Ich veröffentliche hier den Aufsatz von Wolf-Ulrich Klünker, weil er eine gute Zusammenfassung des Themas unseres Buches ist: Psychologie des Ich. Eine detaillierte Aufarbeitung der aristotelischen ‚Wissenschaft des Gefühls‘ findet sich auch bei Michael Krewet ‚Die Theorie der Gefühle bei Aristoteles‘ (eine Dissertation, als Buch erschienen im Universitätsverlag Winter 2011), allerdings ohne die Bezugnahme auf Rudolf Steiner und die gegenwärtige Seelenlage des Menschen.
Wissenschaft des Gefühls
Forschungsperspektiven einer Ich-Psychologie
Wolf-Ulrich Klünker
(veröffentlicht in der Wochenschrift Das Goetheanum)

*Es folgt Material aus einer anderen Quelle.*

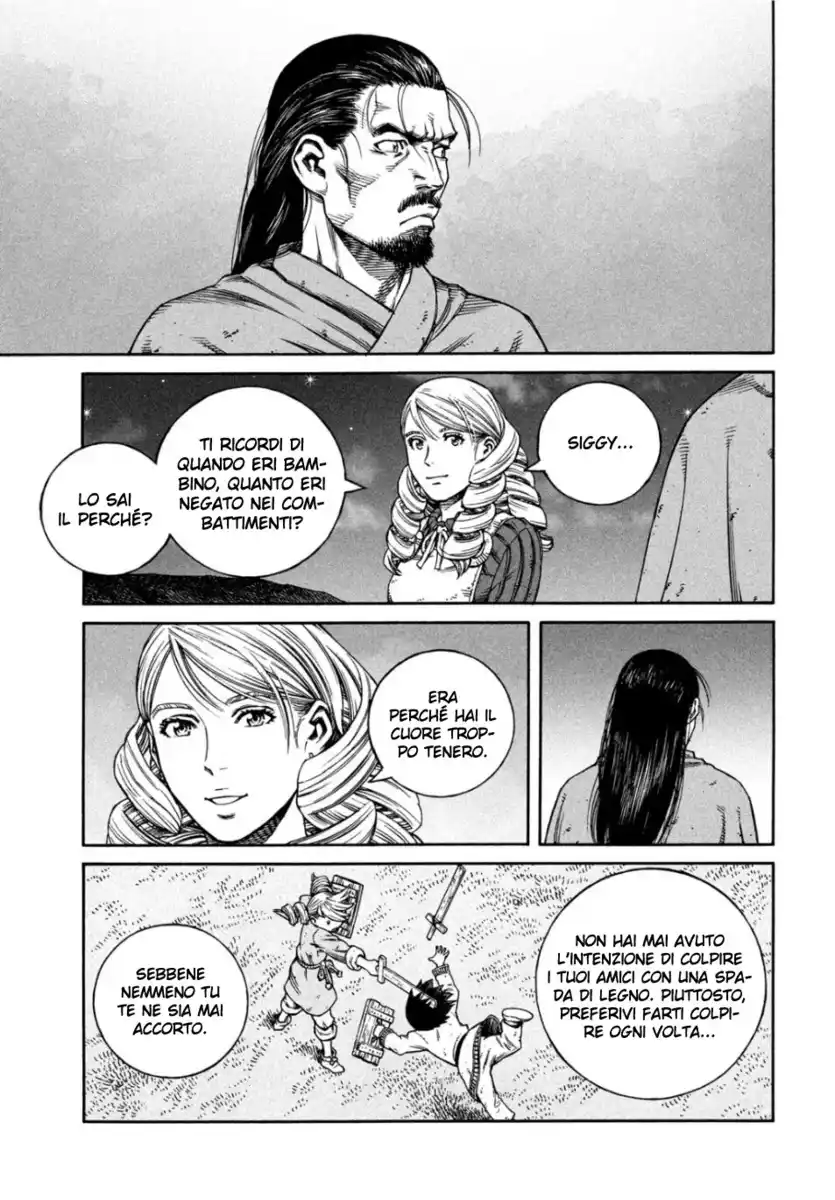 Vinland Saga Capitolo 165 page 6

Jede Wissenschaft vom Menschen sieht sich mit einem zweifachen Anspruch konfrontiert: einerseits muss sie den Erkenntnisgrundlagen wissenschaftlichen Denkens entsprechen, andererseits sollte sie in der Lage sein, nicht nur auf Erkenntnisfragen, sondern auch auf existenziell tiefer gelagerte Lebensfragen zu antworten. Wissenschaftlichkeit dürfte also die existenzielle Dimension nicht ausschließen; persönliche Betroffenheit andererseits nicht jenseits wissenschaftlicher Selbstverantwortung liegen. So verbinden sich in den Wissenschaften vom Menschen, also zum Beispiel in der Psychologie und der Medizin (hier insbesondere, weil in ihnen stets auch therapeutische Bedürfnisse angesprochen sind) Erkenntnis und Leben, Wissenschaft und Selbstgefühl, und, sofern es sich um geisteswissenschaftliche Grundlagen handelt, Spiritualität und Existenzialität.
Seele als leibliche Kraft
In einer gewissen Perspektive kann man den Beginn einer wissenschaftlichen Erkenntnis des Menschen im vierten vorchristlichen Jahrhundert datieren, und zwar im Werk des Aristoteles. Insbesondere seine drei Bücher „Über die Seele“ (De anima) markieren den Beginn einer wissenschaftlichen Anthropologie und Psychologie, aber auch eines Leibverständnisses, in dem Wissenschaftlichkeit und Lebensbezogenheit nicht zu trennen sind. Die menschliche Seele wird in ihrer leiblichen Dimension (anima vegitativa), in ihrer seelischen Wirklichkeit (anima sensitiva) und in ihrem ursächlichen Geistbezug (anima intellectiva) untersucht. Die wissenschaftliche Methode des Aristoteles kann als begriffsrealistisch charakterisiert werden: als ein Hervorbringen und Verbinden von Begriffen, die nicht allein eine gegebene Wirklichkeit des Menschen beschreiben. Vielmehr ergeben sich die Begriffe und ihre Zusammenhänge aus einer Partizipation am Lebens-, Seelen- und Geistprozess menschlicher Existenz. Die existenzielle Teilhabe erlebt die Begriffe nicht allein als Beschreibungen, sondern zugleich auch als Ursachenrealität menschlicher Existenz.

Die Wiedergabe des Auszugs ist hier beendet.